Urban Violence in the Middle East: Changing Cityscapes in the Transition from Empire to Nation State
"This is a very remarkable collection of chapters . . . The totality is a lively read, exhibiting an almost universal familiarity with and appreciation of the literature." · Peter Sluglett, National University of Singapore
". . . the book is timely, it is topical and useful for a more historically grounded understanding of the urban unrest in the Middle East during the last years up to the present." · Christoph Herzog, University of Bamberg
Covering a period from the late eighteenth century to today, this volume explores the phenomenon of urban violence in order to unveil general developments and historical specificities in a variety of Middle Eastern contexts. By situating incidents in particular processes and conflicts, the case studies seek to counter notions of a violent Middle East in order to foster a new understanding of violence beyond that of a meaningless and destructive social and political act. Contributions explore processes sparked by the transition from empires - Ottoman and Qajar, but also European - to the formation of nation states, and the resulting changes in cityscapes throughout the region.

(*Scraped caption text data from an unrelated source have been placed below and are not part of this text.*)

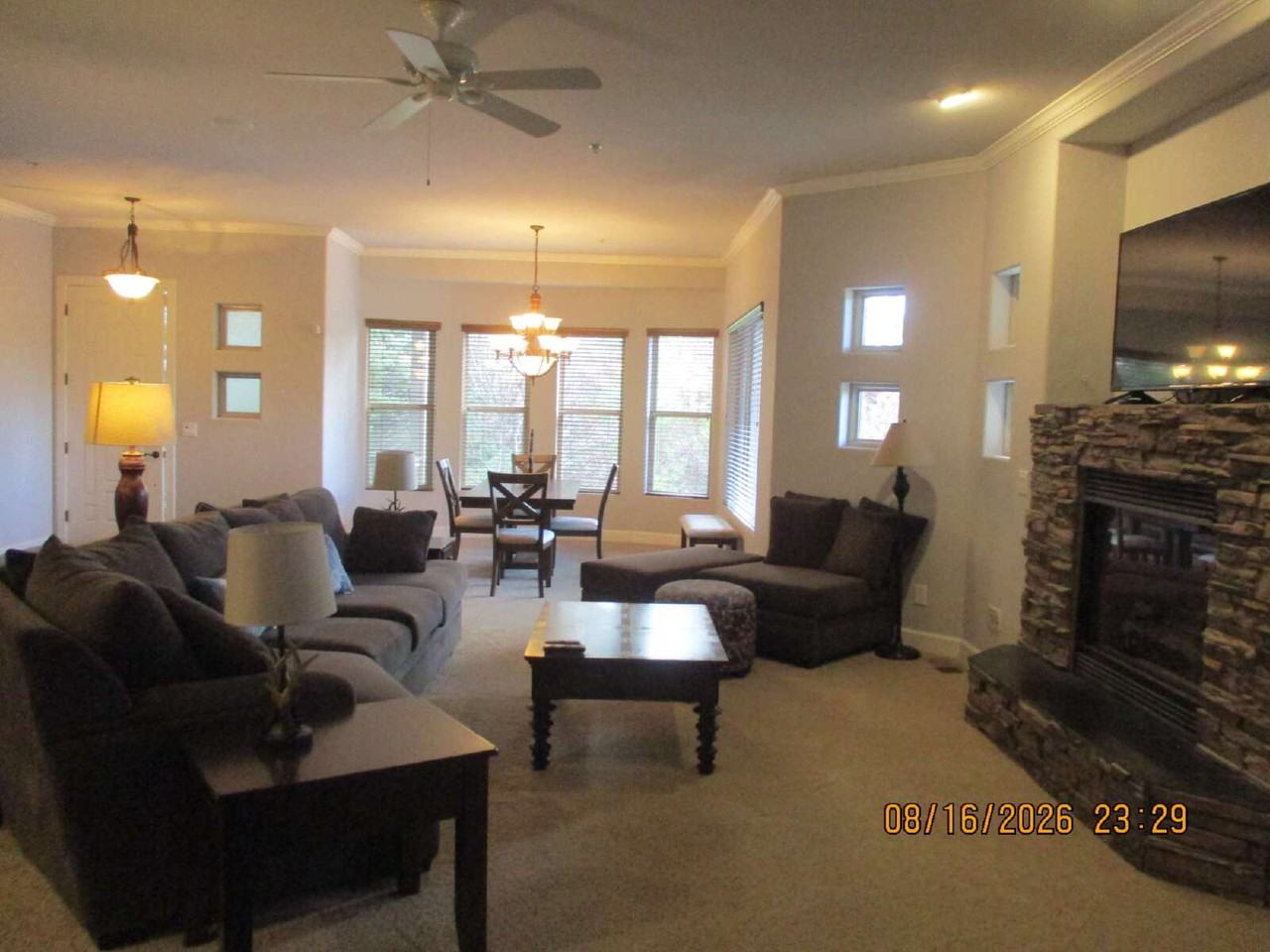 61 N Aspen Dr - Photo 6 of 20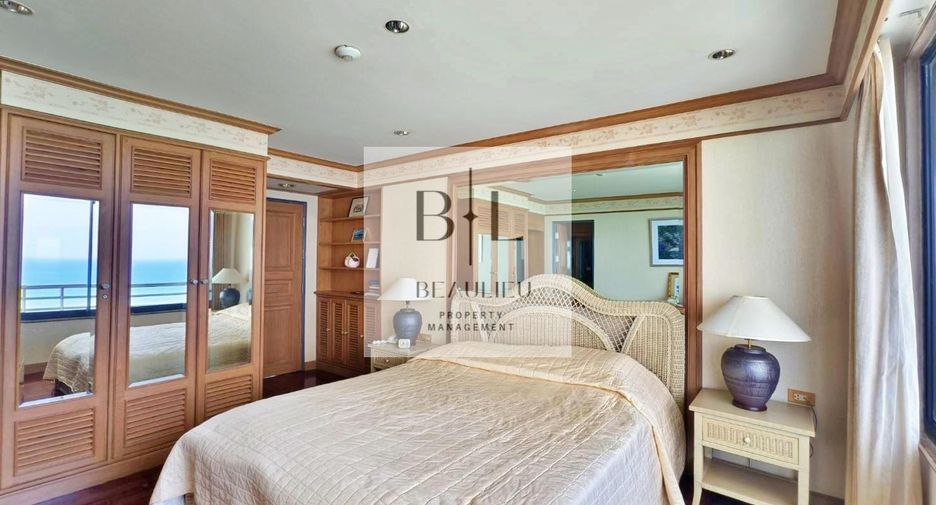 À vendre 3 chambres condo à Pratumnak, Pattaya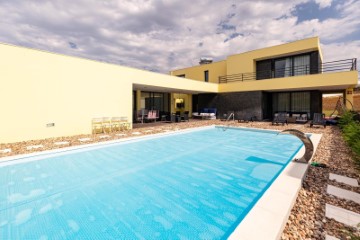 Casa o chalet 5 Habitaciones en União Freguesias Santa Maria, São Pedro e Matacães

Ulrike Freitag is a historian of the Modern Middle East with a special interest in urban history and the Arabian Peninsula in its global context. She directs Zentrum Moderner Orient and teaches at the Freie Universität. She is author of Indian Ocean Migrants and State Formation in Hadhramaut (Brill, 2003).
Nelida Fuccaro is Reader in Modern Middle Eastern History at the School of Oriental and African Studies, University of London. She is the author of Histories of City and State in the Persian Gulf (CUP, 2008) and the editor of "Histories of Oil and Urban Modernity in the Middle East" in CSSAAME (2013).
Claudia Ghrawi holds a Master of Arts degree in history and political science and studied Arabic in Damascus and Berlin. She works as a research fellow at the Zentrum Moderner Orient and is a Ph.D. student at the Freie Universität Berlin.
Nora Lafi is researcher at Zentrum Moderner Orient and is a historian of the Ottoman Empire with a focus on Urban Studies. She is coeditor of The City in the Ottoman Empire: Migration and the Making of Urban Modernity (Routledge, 2010).